Los fascistas han entrado en Toledo hoy, a primeras horas de la mañana. Ayer, al mediodía, el coronel Moscardó, desde el Alcázar asediado, presentó un ultimátum al mando de la guarnición republicana de Toledo: abandonar la ciudad antes de las seis de la tarde. Los sediciosos, entretanto, avanzaban por el oeste, desde Maqueda y Torríjos. El teniente coronel Burillo, nombrado en lugar de Barceló, no respondió al ultimátum, pero de hecho el Alcázar ya estaba libre: los milicianos anarquistas, desmoralizados, habían abandonado sus puestos y las barricadas. Se ponía el sol cuando los cañones fascistas hicieron los primeros disparos sobre la ciudad. Un grupo de anarquistas entró en el Estado Mayor, en el despacho de Burillo.

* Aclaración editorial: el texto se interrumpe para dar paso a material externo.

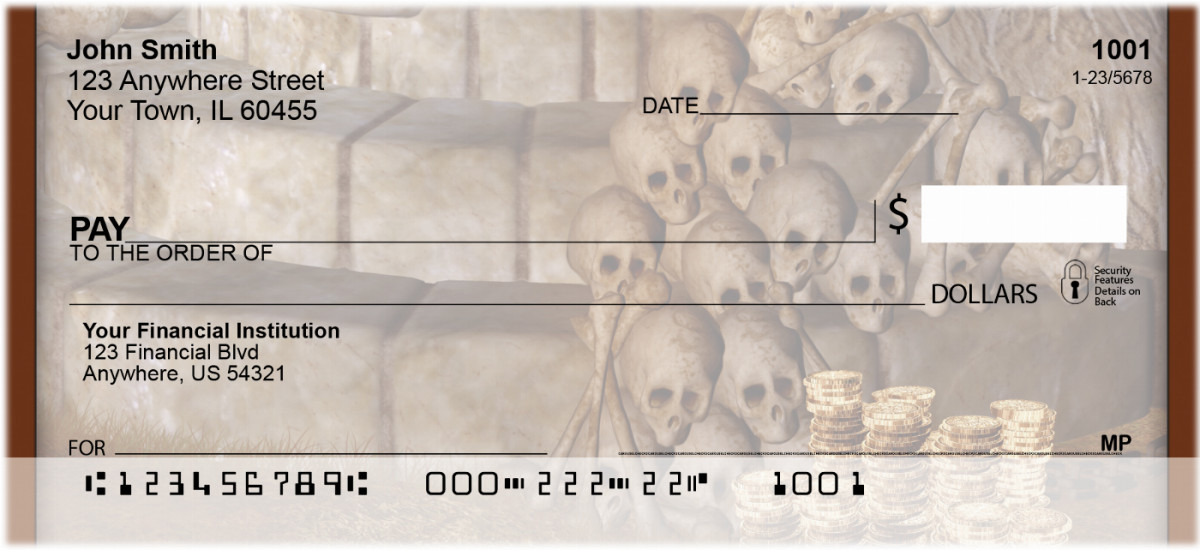 Skulls And Bones Checks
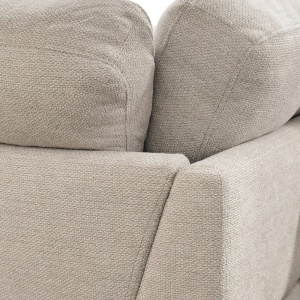 Coltar dreapta Camile, Pako World, Textil, Bej, 270x174x95 cm - Img 6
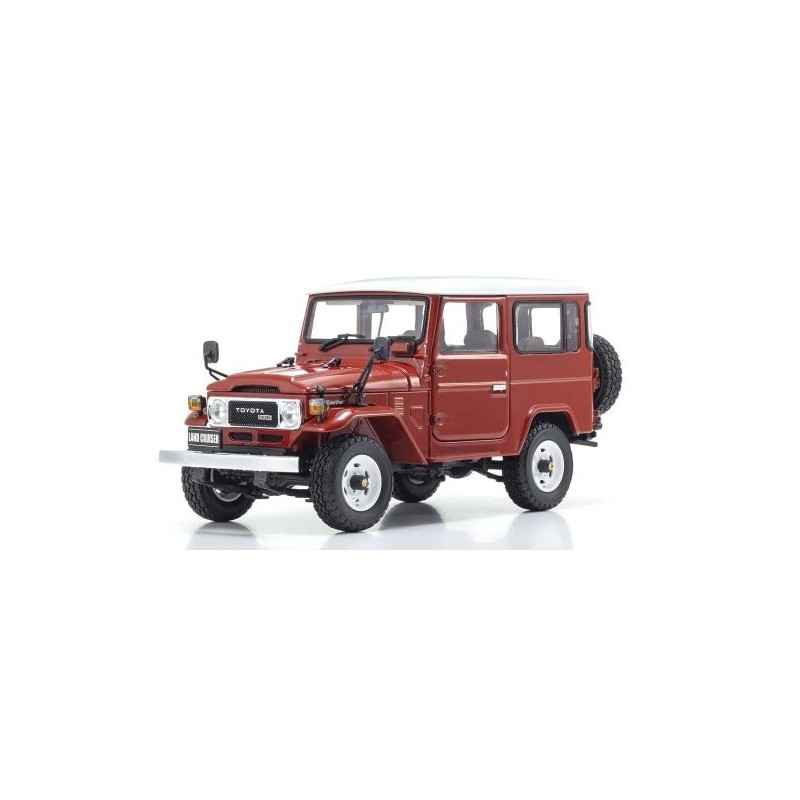 Toyota Land Cruiser 40 Van (BJ42V) 1980 Rojo Kyosho 1:18 KS08971R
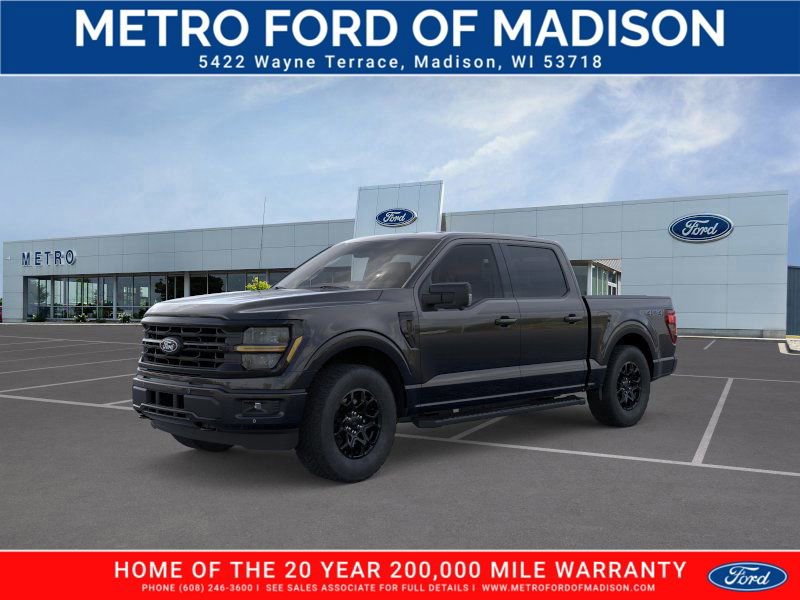 New 2025 Ford F150 XLT w/ Equipment Group 302A MID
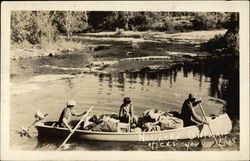 Boating on the River Ontario Canada Postcard Postcard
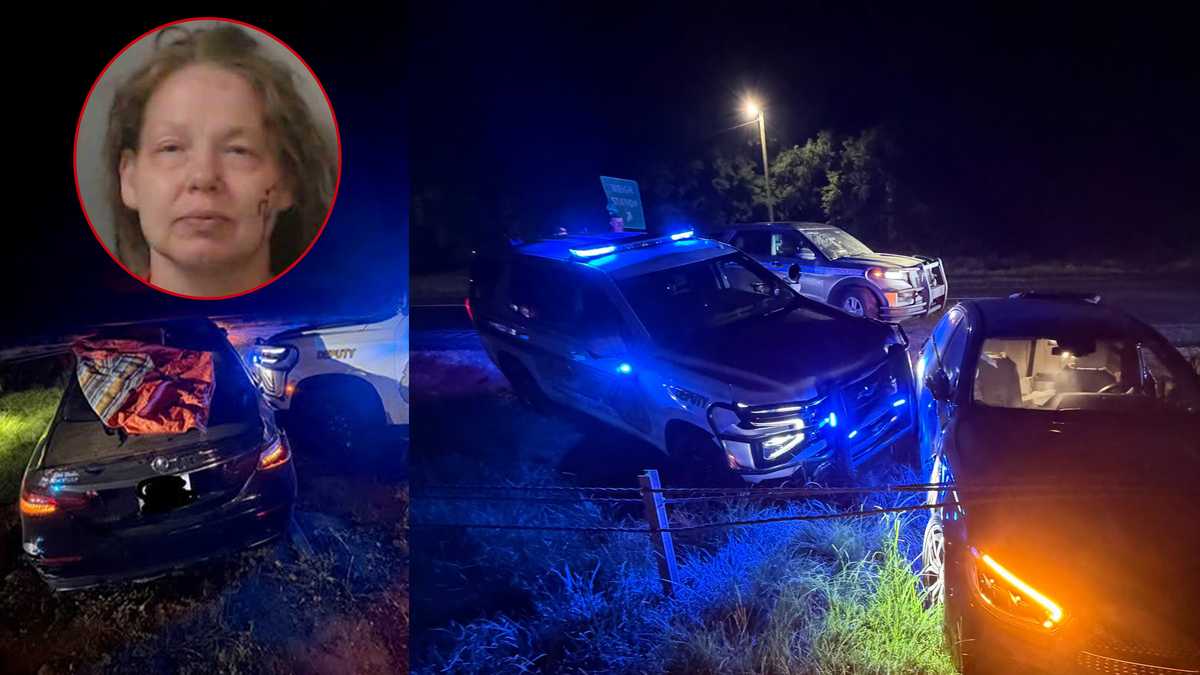 Upstate woman leads deputies on 30-mile chase, drives wrong-way on interstate, deputies say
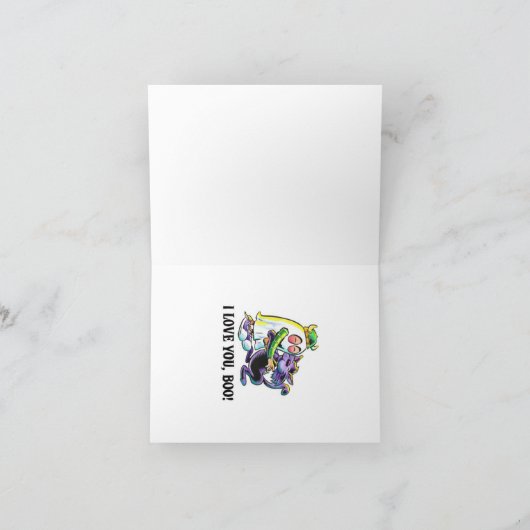 Ik hou van je, Boo! Kaart (Binnen)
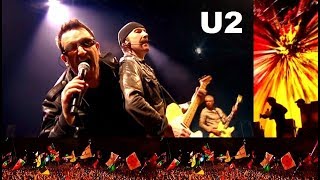 Watch U2 Glastonbury video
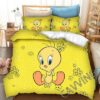 Tweety Bird Funny 4 Bedding Set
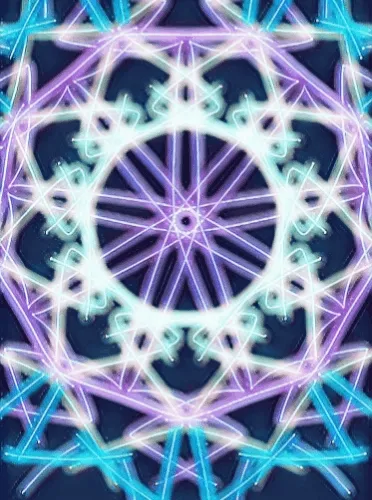 Colorful Magic Images - Limited edition - There are only 3 in the world.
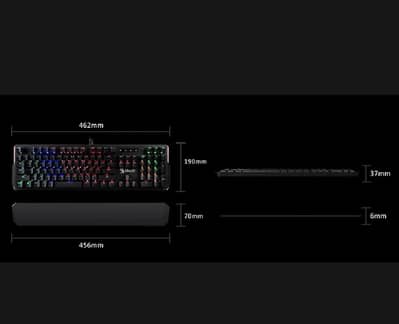 bloody b65n mechanical keyboard for gaming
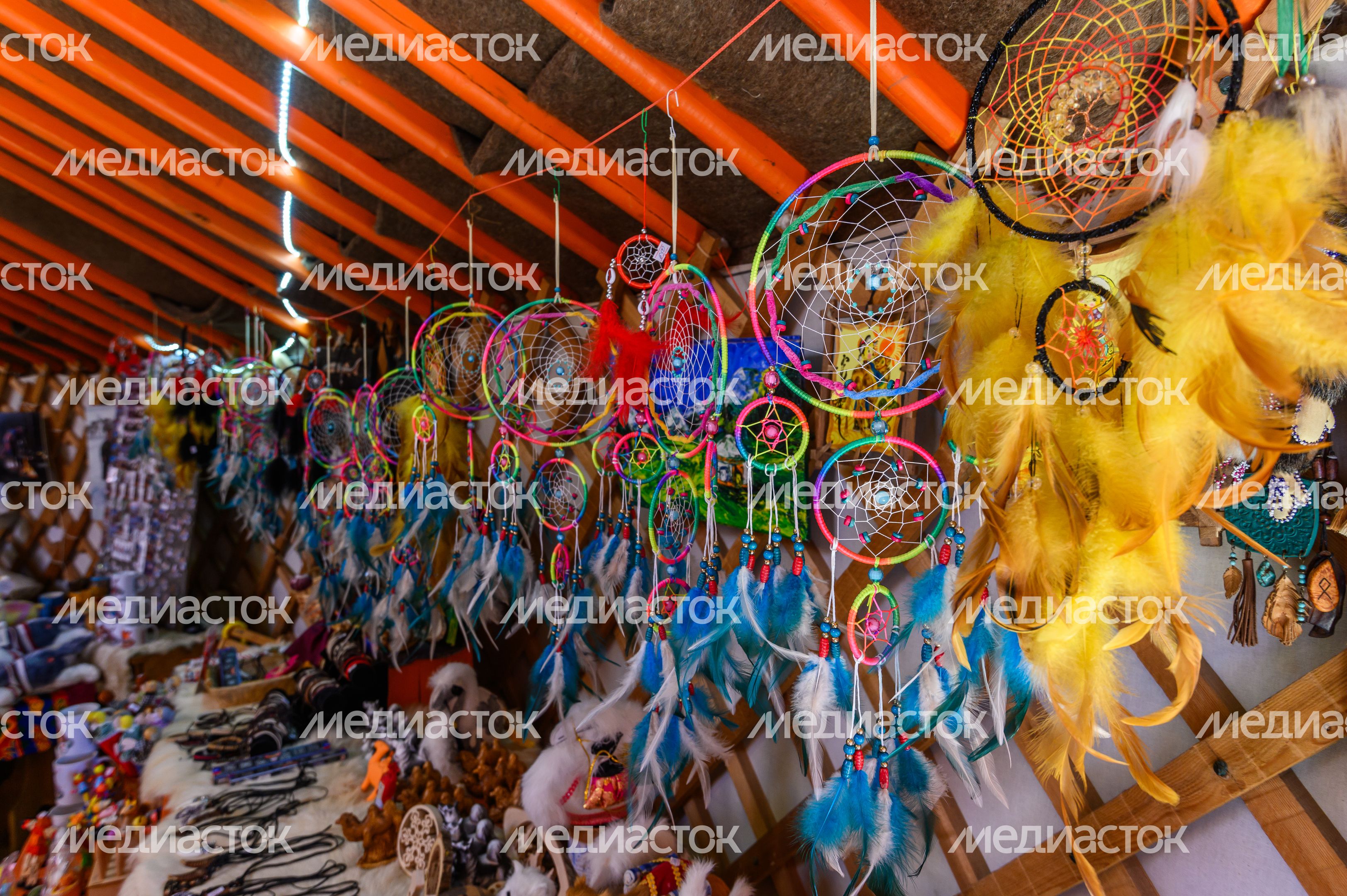 Этнопарк «Кочевник» в Сергиево-Посадском округе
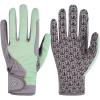 Harrison Howard All Season Kids Horse Riding Gloves Comfortable Non-Slip Light Horseback Gloves for Running Cycling Riding(Mint)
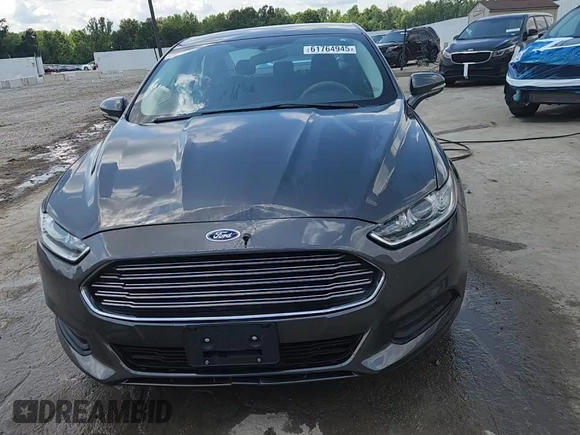 2015 Ford Fusion SE with VIN 3FA6P0H70FR290343, listed as a Copart auction lot 61764945 with 116,904 mi miles and Salvage title. Bid and sale history available at DreamBid. Image 13.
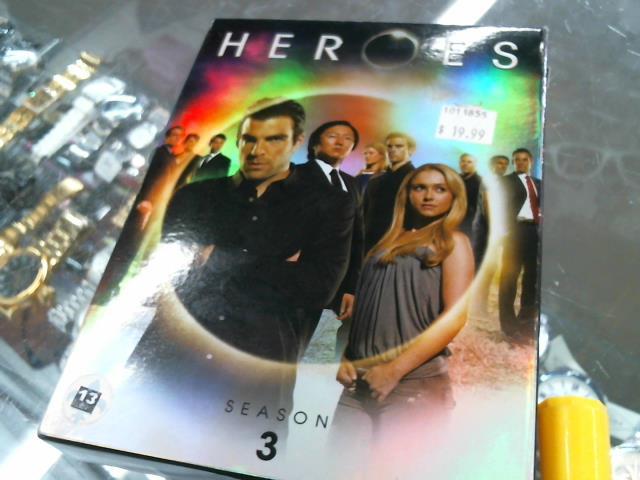 Heroes season 3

El cabecilla le preguntó qué significaba aquello.
—¿A qué se refiere?
—¿Acaso no oye? La artillería fascista dispara contra nosotros.
—Naturalmente. ¿Y qué? Nos defenderemos.
—¡Oh, no se lo crea usted! No estamos dispuestos a ser carne de cañón. Por lo visto, el gobierno no nos quiere ayudar. Si no puede usted terminar con los disparos de los fascistas en quince minutos, abandonamos la ciudad. Búsquese usted a otros tontos.
Lo dijo así: «Si no termina usted con los disparos de los fascistas.»
Al anochecer, parte de los sitiados se infiltraron en la ciudad y, uniéndose a la organización clandestina, empezaron a disparar con ametralladora desde los tejados. Los anarquistas se retiraron cerca de las ocho. Burillo decidió mantenerse aún por la noche; de madrugada, perdida toda posibilidad de dirección, se retiró por la puerta del este con las últimas columnas disciplinadas. Toda la evacuación se orienta hacia Aranjuez. Al amanecer los moros y la legión extranjera han aparecido en las calles. Un destacamento de sediciosos ha entrado en el hospital militar y ha rematado a todos los heridos, se han salvado veintiséis hombres que fueron evacuados hace tres días. En las pequeñas salas, a los heridos los han matado a bayonetazos; en las grandes, han arrojado granadas de mano a las camas. El gobernador civil se ha quedado en la ciudad y se ha adherido oficialmente a los facciosos. ¡El teléfono con el Alcázar, desde su gabinete, ha trabajado más y mejor!
Alguien grita: «¡Mirad, por la carretera!»
El grupo se arroja a las cunetas dispersándose y permanece quieto. Luego, de súbito, la situación resulta embarazosa para todos. Por detrás de una curva van surgiendo las siluetas de una caravana de refugiados: —adultos, niños, viejas encorvadas, borricos cargados de cachivaches.
¿De dónde? De Vargas. (Es una aldea de la derecha, a cinco kilómetros al este de Toledo.) Les han arrojado bombas desde unos aviones. Los aviones eran negros, con grandes cruces en las colas, volaban muy bajo. Muchas casas han quedado reducidas a escombros. Hay muchos muertos. Se escondieron en los sótanos. Cuando los aviones con las cruces se han ido, ellos, los campesinos, han recogido sus bártulos y se han marchado. Estaban ya en camino cuando han empezado a caer en la aldea obuses de artillería.
Esto significa que los facciosos van a orientar ahora su ataque a Vargas. Hacia allí nos dirigimos por un camino lateral, acompañados por el consejo de no caer prisioneros.
Vamos despacio, nos detenemos a menudo y amortiguamos el motor para escuchar. En el tercer kilómetro, en medio del silencio, un grito. Son dos milicianos, han quedado rezagados. Los fascistas ya están en Vargas. Los milicianos nos piden que tomemos en el coche a un tercer camarada, herido. Está ahí al lado, en una casita campesina.